DigitalX CEO Lisa Wade in her statement with ABC’s The Business commented on the matter.
“Conspiracy theorists would say ‘yes’, because it’s a massive trade. I mean, in all of my career, it’s one of the biggest trades that I’ve seen. It’s almost like an evil genius plot, because there are a lot of steps to it.”
According to Wade, it was a well-orchestrated attack. She added:
“So obviously we’re in a really volatile risk-off stage of the market — because of everything that’s been happening with the [US] Fed and the macro environment. They waited until a Saturday night when [trading] volumes were very low, and there were no bids. And then they went into a trading pool and started selling UST in massive volumes, which then triggered all of the subsequent selling in a low-volume market that broke the [US dollar] peg.”
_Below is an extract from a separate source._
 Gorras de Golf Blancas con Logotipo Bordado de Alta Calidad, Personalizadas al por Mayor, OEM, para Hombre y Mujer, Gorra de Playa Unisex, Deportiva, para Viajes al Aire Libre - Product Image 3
She further added that as the death spiral kicked in, the algorithm started selling Bitcoin and other cryptocurrencies that have further aggravated the situation. The massive sell-off took a toll on all digital assets including LUNA (Terra). The attack came like a thief in the night. As the UST (TerraUSD) price continued to decline, the price of LUNA (Terra) also went in a nosedive.
“This was an exploitative trade that took advantage of the fact that markets are weaker. The perfect storm was nobody stepping up to buy the bitcoin and the UST”.
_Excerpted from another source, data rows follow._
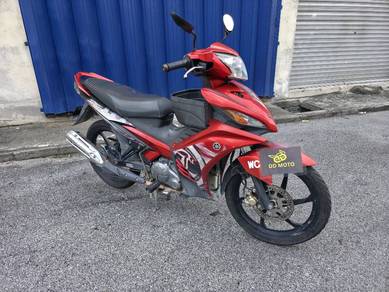 Yamaha 135LC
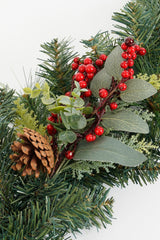 Mica Decorations Harvey slinger rood - l180xb15xh11cm - maximondo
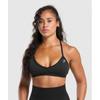 Minimal Sports Bra Black B3a2j Bbbb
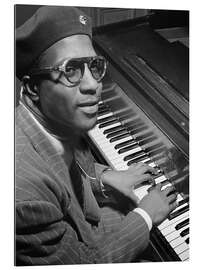 Galleritryk Thelonious Monk II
According to a report by Cointelegraph, the attack on the Terra network could be a George Soros-inspired “attack” where the exploiters generated over a whopping $800 million. But hedge fund giant, the world’s largest asset manager, and the trading platform have all denied their involvement in the controversial Terra crash. Blackrock in a tweet on its official Twitter account stated:
“Rumors that we had a role in the collapse of UST are categorically false. In fact, Blackrock does not trade UST.”
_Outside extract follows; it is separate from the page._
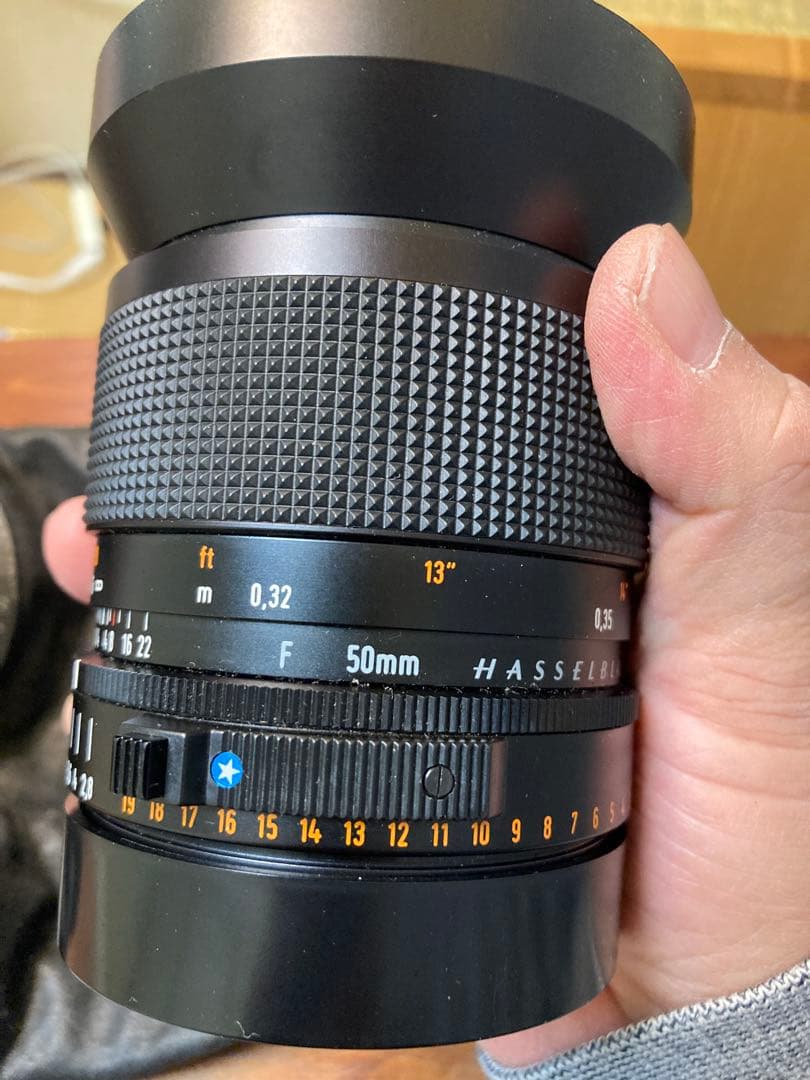 Hasselbladハッセルブラッド FE DISTAGON 2.8/50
Gemini also dismissed the rumors of its involvement in its recent tweet.
“We are aware of a recent story that suggested Gemini made a 100K BTC loan to large institutional counter-parties that reportedly resulted in a selloff in LUNA. Gemini made no such loan.”
In a report by Bloomberg, Citadel through a representative asserted that the company “does not trade stablecoins, including UST”.
With all the ruckus going on within the Terra network, will UST stablecoin be able to recover from the fall? With the price of the LUNA (Terra) on a free fall, seems like this is no longer doable. In a recent update from Terra co-creator Do Kwon, the network’s plan to save its cryptocurrency LUNA does not include UST stablecoin. He stated:
“While a decentralized economy does need decentralized money, UST has lost too much trust with its users to play the role.”
If this is the case, what will happen to all the holders of UST? As of writing, the stablecoin depegged has almost no value after declining by more than 90% with its price at 0.079647. The altcoin LUNA (Terra) is now down to almost 100% at its price of $ 0.000295. UST (TerraUSD) was previously ranked #3 among stablecoins but after losing its peg to the dollar, it’s now just the stablecoin that never was. But how will this fiasco affect the entire crypto market?
In December 2020, STABLE Act was proposed by US lawmakers to regulate the issuance of stablecoin. If passed into law, stablecoin issuers are required to give the Federal Reserve their bank charters and reserve funds equivalent to their stablecoin amount. They also need to secure FDIC insurance and will have to undergo an audit by the Federal Reserve to ensure compliance. But it was met with high criticism from the blockchain and crypto community deterring it from passing into law. Will the UST fiasco create another debate on the need to regulate stablecoins? Regulation is rearing its head and the possibility of pushing through this time could be inevitable.